Their plight captured the world’s attention, giving new meaning to the phrase “stuck at work.” While other astronauts had logged longer spaceflights over the decades, none had to deal with so much uncertainty or see the length of their mission expand by so much.
Wilmore and Williams quickly transitioned from guests to full-fledged station crew members, conducting experiments, fixing equipment and even spacewalking together. With 62 hours over nine spacewalks, Williams set a new record: the most time spent spacewalking over a career among female astronauts.
Both had lived on the orbiting lab before and knew the ropes, and brushed up on their station training before rocketing away. Williams became the station’s commander three months into their stay and held the post until earlier this month.
Their mission took an unexpected twist in late January when US President Donald Trump asked SpaceX founder Elon Musk to accelerate the astronauts’ return and blamed the delay on former US president Joe Biden’s administration. The replacement crew’s brand new SpaceX capsule still was not ready to fly, so SpaceX subbed it with a used one, hurrying things along by at least a few weeks.
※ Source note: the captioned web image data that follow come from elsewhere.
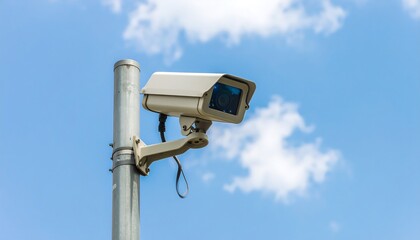 Security camera on pole against a clear sky (1)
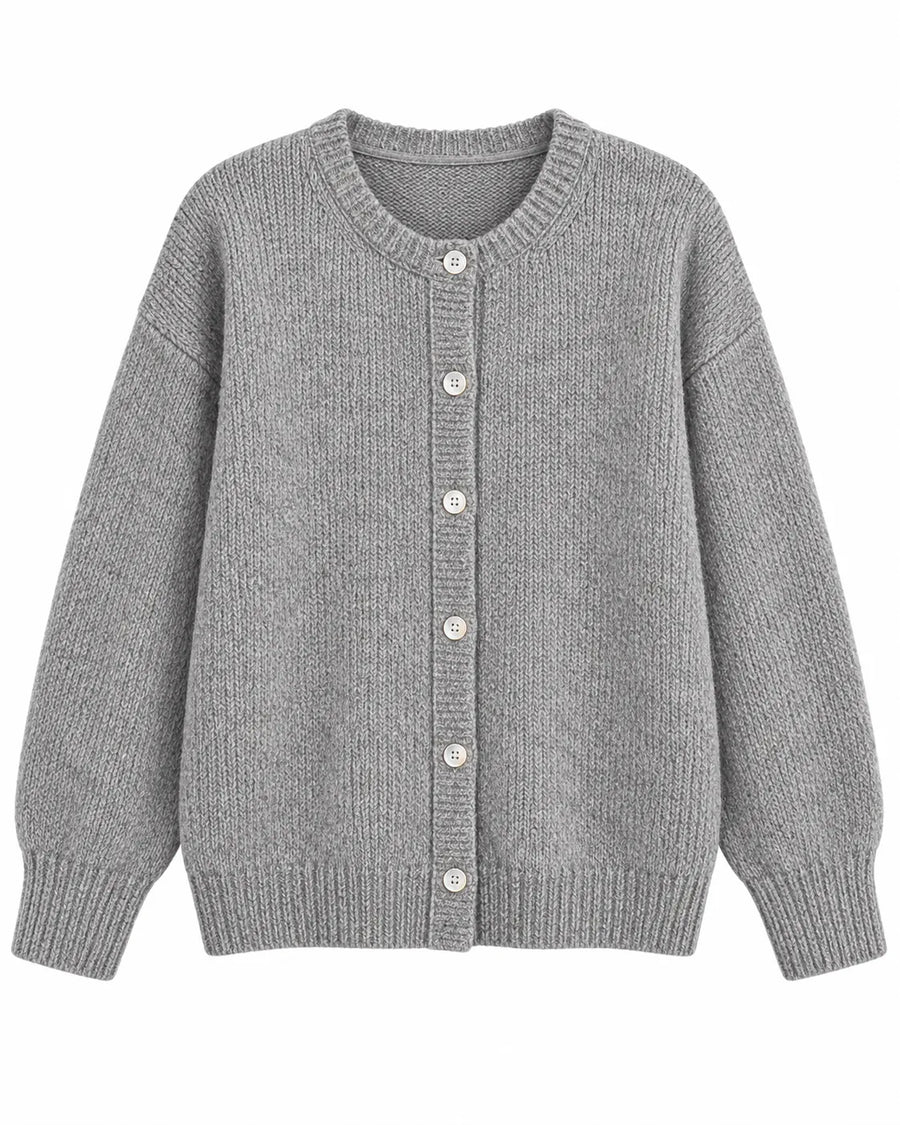 Cardigan Long Femme Col V Boutonné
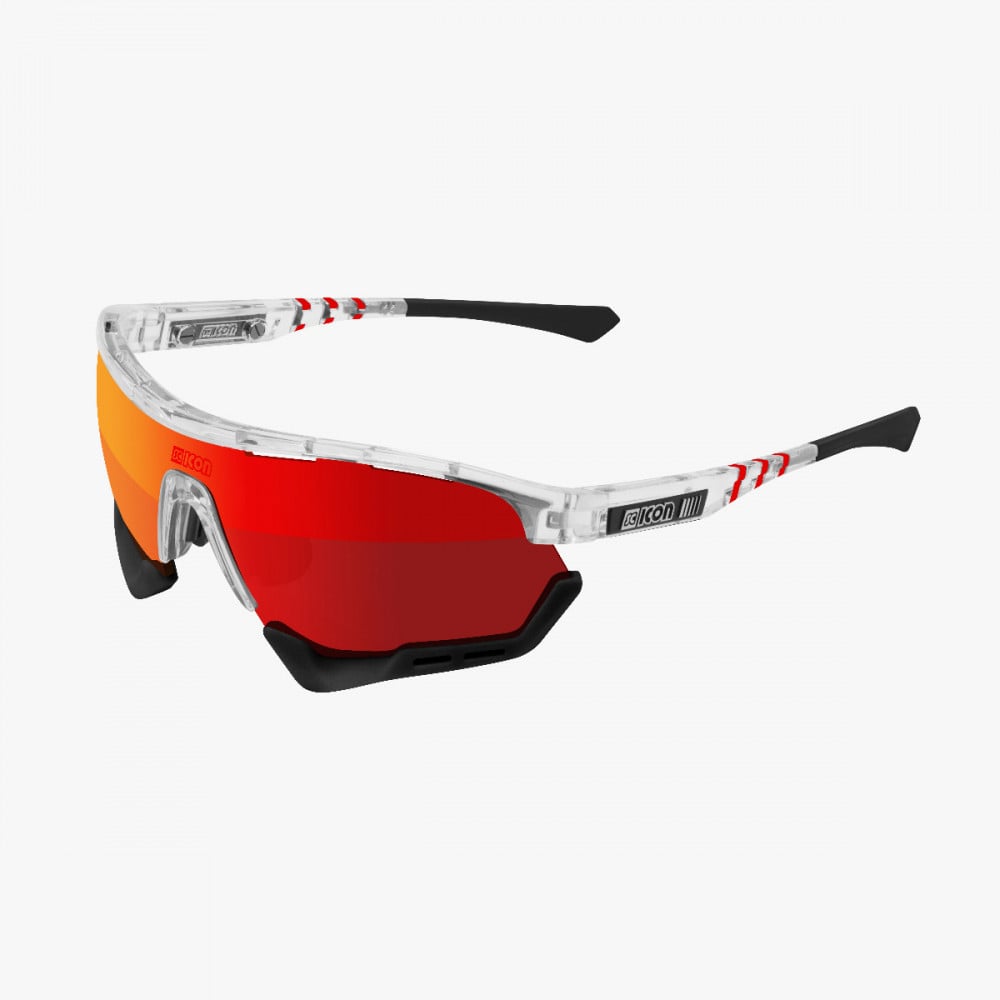 Scicon Sports | Aerotech Sport Cycling Performance Sunglasses - Crystal / Red - EY13060703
Even in the middle of the political storm, Wilmore and Williams continued to maintain an even keel at public appearances from orbit, casting no blame and insisting they supported NASA’s decisions from the start.
NASA hired SpaceX and Boeing after the shuttle program ended, in order to have two competing U.S. companies for transporting astronauts to and from the space station until it is abandoned in 2030 and steered to a fiery re-entry. By then, it will have been up there more than three decades; the plan is to replace it with privately run stations so NASA can focus on moon and Mars expeditions.
Both retired navy captains, Wilmore and Williams stressed they did not mind spending more time in space — a prolonged deployment reminiscent of their military days. However, they acknowledged it was tough on their families.
Wilmore, 62, missed most of his younger daughter’s senior year of high school; his older daughter is in college. Williams, 59, had to settle for Internet calls from space to her mother. They will have to wait until they are off the SpaceX recovery ship and flown to Houston before the long-awaited reunion with their loved ones.